「帝皇本紀」に推古廾二年六月丁卯朔己卯に「物部恵佐古連公為大連」と記述されていた。この朔の日干支は640年の日干支である。恵佐古は「小治田豐浦宮御宇天皇御世爲大連」と記述される。皇極天皇は小治田天皇、豐財重日の母の吉備姫は高向王と舒明天皇の妃だった。この前年、舒明十一年七月に「今年造作大宮及大寺・・・百濟川側爲宮處」と、百濟川辺に大宮を造った。翌年四月丁卯朔壬午、この日干支は九州の日干支で、「便居廐坂宮」と廐坂宮に居住した。さらに、七月「徙於百濟宮」に遷って、十三年十月己丑朔丁酉に、「天皇崩干百濟宮」と恵佐古百濟宮大連天皇が崩じた。おそらく、廐坂宮にいた恵佐古が田村王の死後、小治田に遷ったが、蝦夷に敗れて百濟宮で薨じたのだろう。
そして、「大臣病臥之・・・辛丑薨」、「阿須迦天皇之末歳次辛丑」と641年に豊浦大臣が薨じた。吉備姫も飛鳥から小治田に遷った。実際の首都がどこなのかは解らない。
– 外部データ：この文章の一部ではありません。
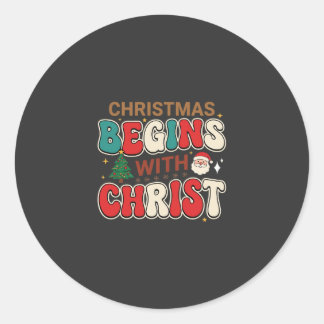 Sticker Rond Noël Commence Avec Christ Rétro Père Noël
皇極期から天智天皇たちが記述したため、664年からの事績を混入させている可能性が高い。但し、大化期の記事は元明天皇たちの記事で、695年以降の記事があると思われる。
また、守屋の子の雄君は、「飛鳥浄御原宮御宇天皇御世賜氏上内大紫冠位」とある。世代的にも飛鳥天皇の豊浦大臣の事だろう。「目大連女豊媛爲妻生二兒」と記述されるように、目大連の娘を妃にしている。目大連は大伴金村の事、恐らく、『古事記』に記述しない大伴糠手の娘の崇峻妃の小手子のことだろう。また、紫冠位を授けられたのは、「私授紫冠於子入鹿」と「紫冠授中臣鎌足連」だけだ。大紫は蘇我連大臣とやはり入鹿、入鹿は物部連入鹿大臣と自称していた。それ以外は元明天皇たちが記述した人物で、解らない。
同じく、目大連の子の馬古連が「難波朝御世授大華上」、恵佐古大連の子の荒猪連も「同朝御世賜大華上位」と記述される。大華上を授与された人物は『日本書紀』に無い。大錦上授与が「遣大唐押使高向史玄理」「大錦冠授中臣鎌子連」である。鎌足は『家傳』「大師伝」に「母曰大件夫人」と、恐らく、大伴夫人、目大連の家系で、馬古連が合致する。恵佐古は智奴王、母は漢王の妹、智奴王の妃の吉備姫が橘豊日の孫の高向王だ。その子が漢皇子、高向玄理は漢王の兄弟の可能性が高く、荒猪がよく合う。そして、その兄弟、天智天皇の太皇弟が「淡海朝御世爲大連」の多都彦だろうか。